One of the most compelling passages in the Bible is found at John 1:14:

“So the Word became flesh and resided among us, and we had a view of his glory, a glory such as belongs to an only-begotten son from a father; and he was full of divine favor and truth.” (John 1:14)

“The Word became flesh.” A simple phrase, but in the context of the preceding verses, one of profound significance. The only-begotten god through whom and by whom all things were created, takes on a slave’s form to live with his creation—for all things were made for him. (Colossians 1:16)

This is a theme that John emphasizes repeatedly in his gospel.

”No one has gone up to heaven except the Son of Man, who came down from there.” – John 3:13 CEV[i]

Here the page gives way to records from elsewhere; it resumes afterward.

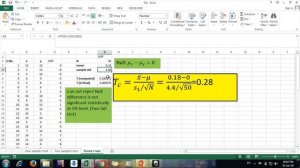 Paired t test in Excel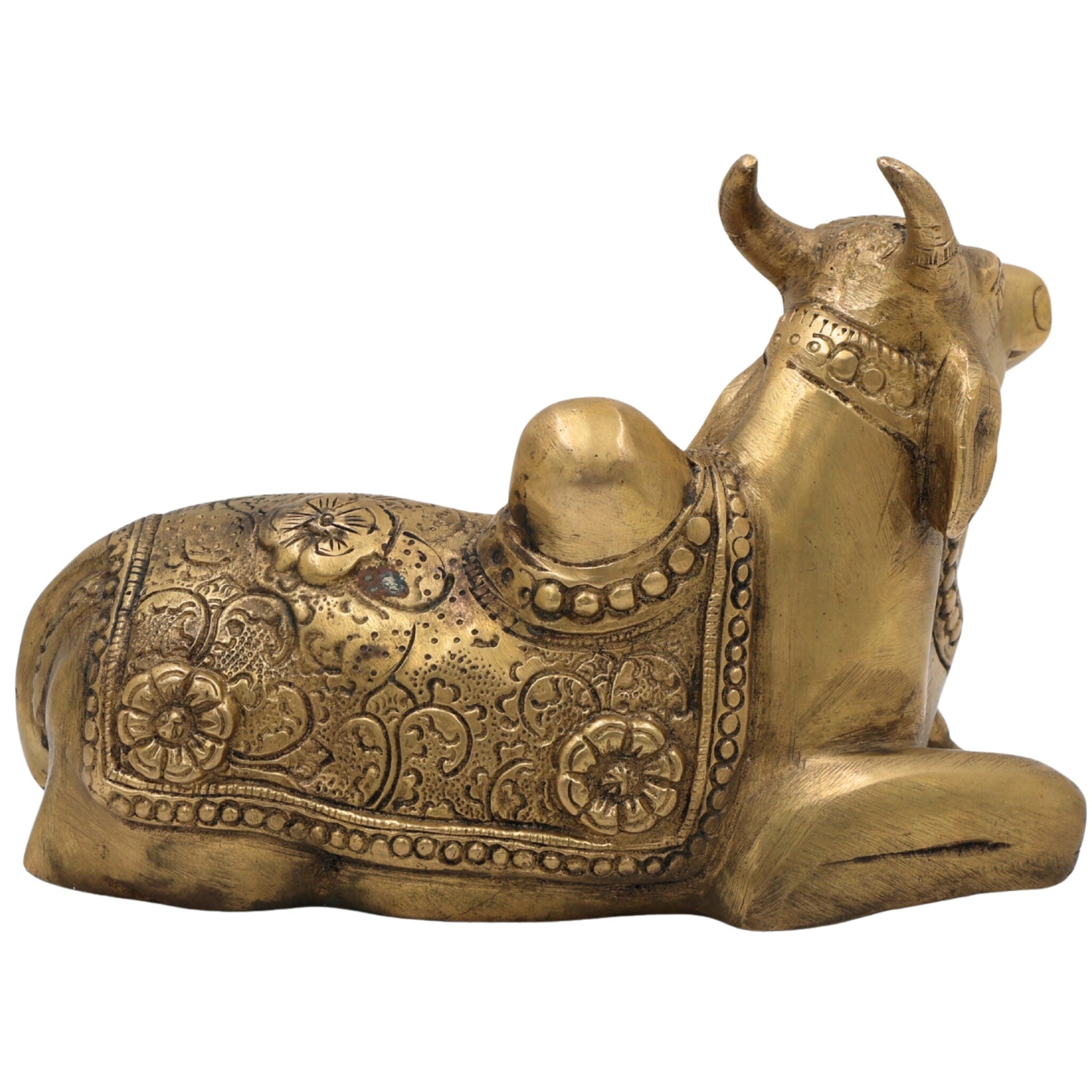 Brass Nandi Idol | Nandikeshwara Bull Statue, Shivalinga Vehicle, Handcrafted Peetal Nandhi Murti for Pooja, Temple & Home Decor, Gold, 5 Inch, 1 Piece
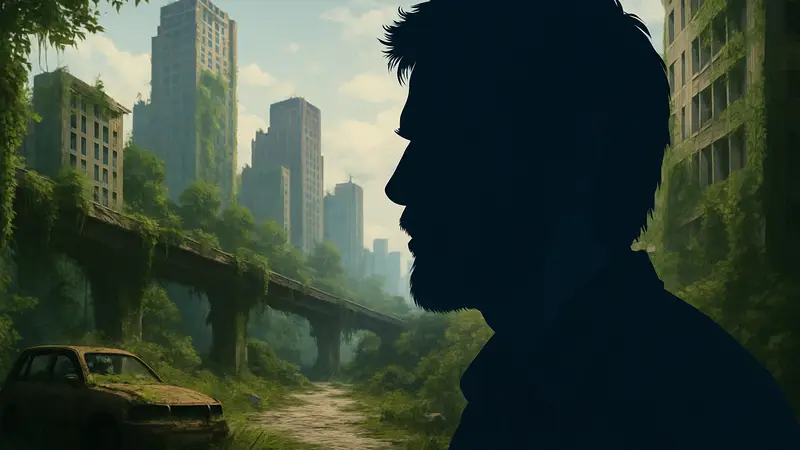 Портрет актера Троя Бейкера или изображение Джоэла из The Last of Us.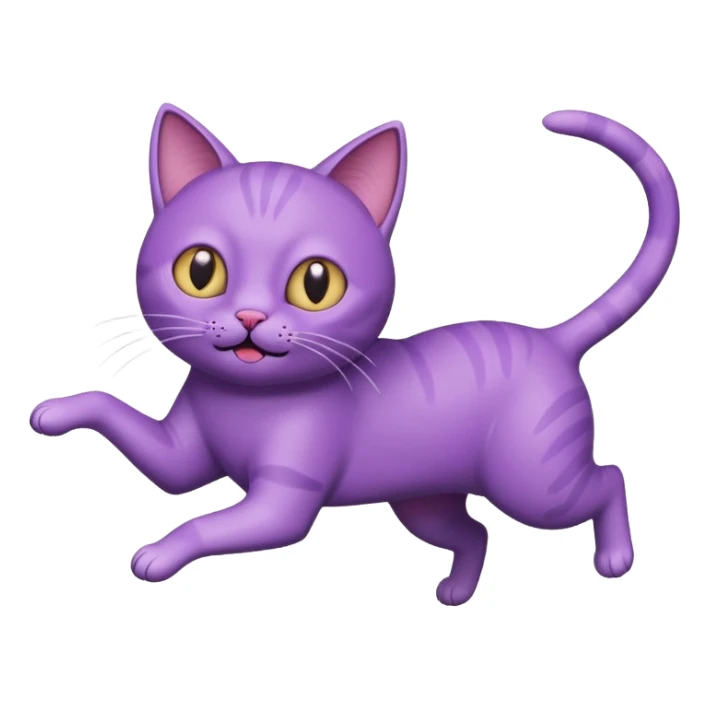 funny purple cat jumping after a fly more thin cat  sticker
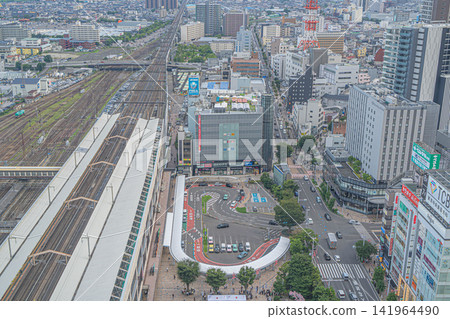 An aerial view of the station square and commercial facilities at the west exit of Koriyama Station [Koriyama Station, Fukushima Prefecture] 141964490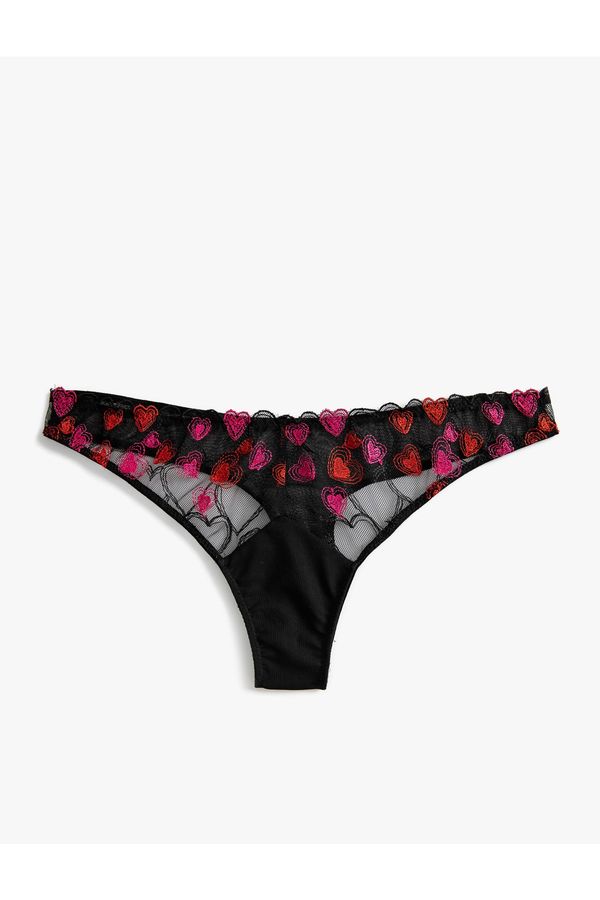 Koton Koton Tulle String Panties Heart Embroidered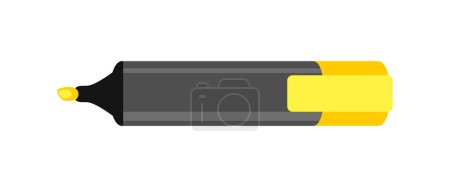 Stylo surligneur jaune isolé sur fond blanc. Icône plate dessin animé vectoriel.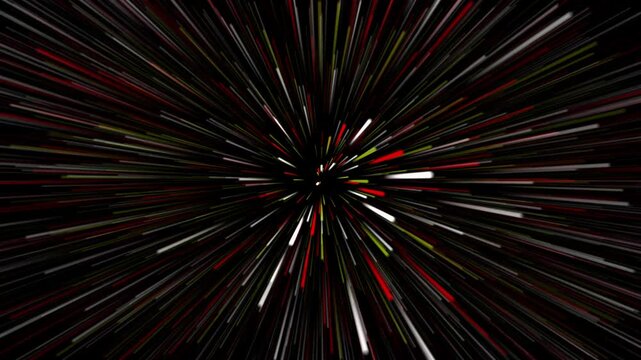 Hyper jump to another galaxy with neon globe speed animation. Speed of light galaxy travel with white red and golden lights. Futuristic neon globe racing through space at light speed.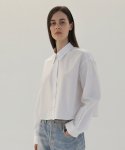 르바(LEVAR) Poplin Cotton Crop Shirts - White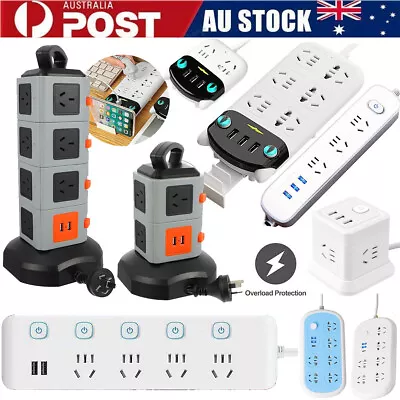 AU Plug Power Board Multi Way Outlet Socket USB Charging Ports Surge Protector • $19.79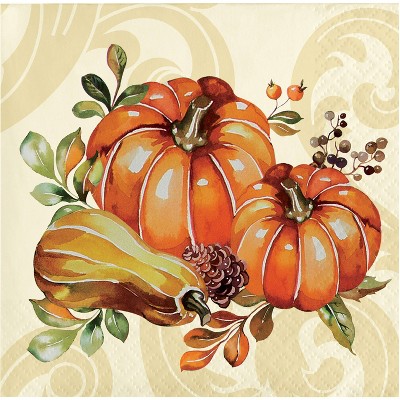 48ct Autumn Wreath Beverage Napkins
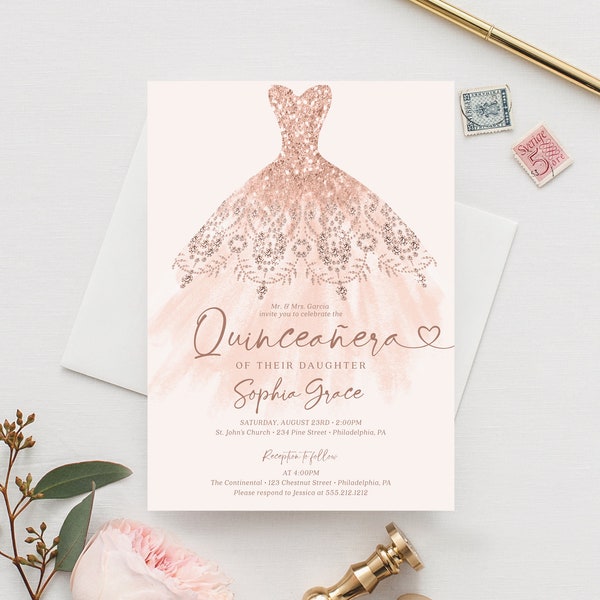 Rose Gold Quinceañera jurk uitnodiging sjabloon, Mis Quince 15 Anos, Sweet 16e verjaardag uitnodigen, Quinceañera uitnodiging afdrukbaar, mooi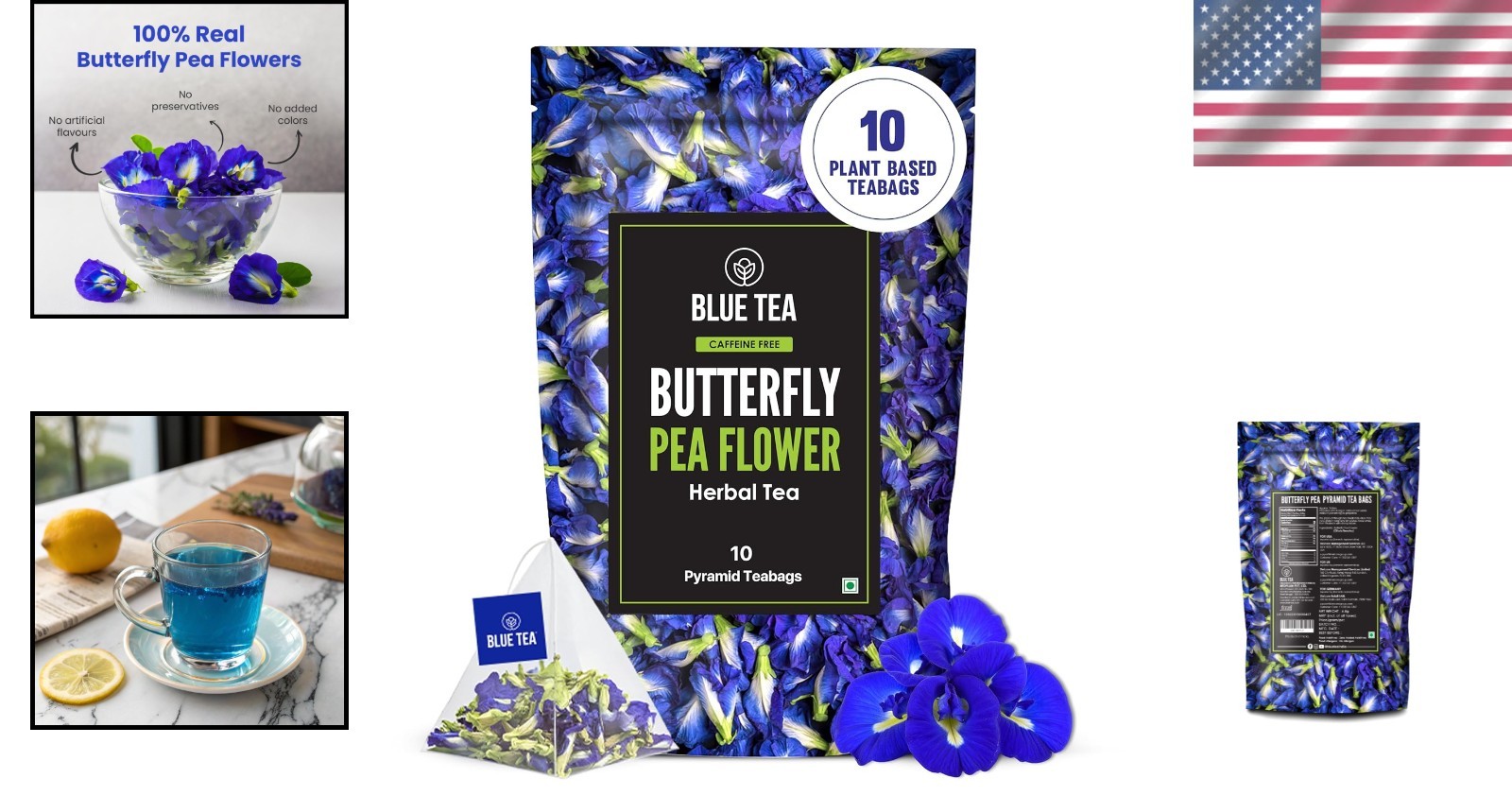 Natural Butterfly Pea Flower Herbal Tea – 10 Count for Relaxation & Wellness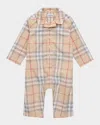 Burberry Kid's Andreas Long-sleeve Cotton Check Coveralls
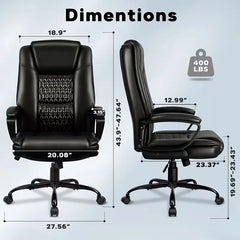 Home Office Desk Chair, 400LBS Big And Tall Computer Executive Chair, Ergonomic PU Leather Chairs with High Back Cushion, Adjustable Armrest &Lumbar Back Support, for Long Time Sitting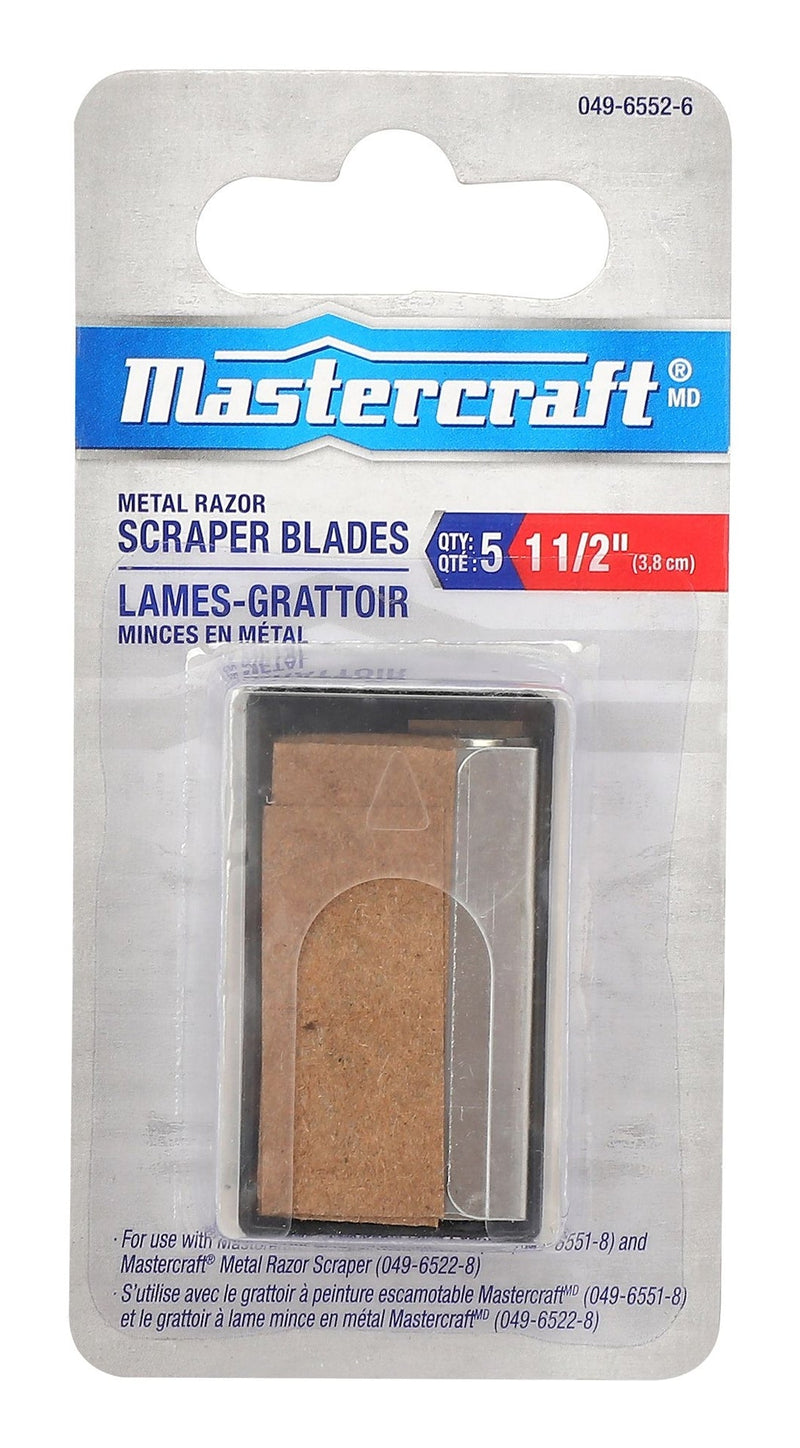 Mastercraft Replacement Razor Blades For Glass & Surface Scraper Tool, 1-1/2-in, 5-pk P5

“I didn’t come from heaven to do what I want! I came to do what the Father wants me to do. He sent me,” – John 6:38 CEV

“What if you should see the Son of Man go up to heaven where he came from?” – John 6:62 CEV

“Jesus answered, “You are from below, but I am from above. You belong to this world, but I don’t.” – John 8:23 CEV

“Jesus answered: If God were your Father, you would love me, because I came from God and only from him. He sent me. I did not come on my own.” – John 8:42 CEV

Jesus answered, “I tell you for certain that even before Abraham was, I was, and I am.”” – John 8:58 CEV

What does it say about this god named Logos who existed before all other created things—who was with the Father in heaven before time itself existed—that he should condescend to live as a man? Paul explained the full measure of this sacrifice to the Philippians

“Keep this mental attitude in you that was also in Christ Jesus, 6 who, although he was existing in God’s form, gave no consideration to a seizure, namely, that he should be equal to God. 7 No, but he emptied himself and took a slave’s form and became human. 8 More than that, when he came as a man, he humbled himself and became obedient to the point of death, yes, death on a torture stake. 9 For this very reason, God exalted him to a superior position and kindly gave him the name that is above every other name, 10 so that in the name of Jesus every knee should bend—of those in heaven and those on earth and those under the ground— 11 and every tongue should openly acknowledge that Jesus Christ is Lord to the glory of God the Father.” (Php 2:5-11 NWT[ii])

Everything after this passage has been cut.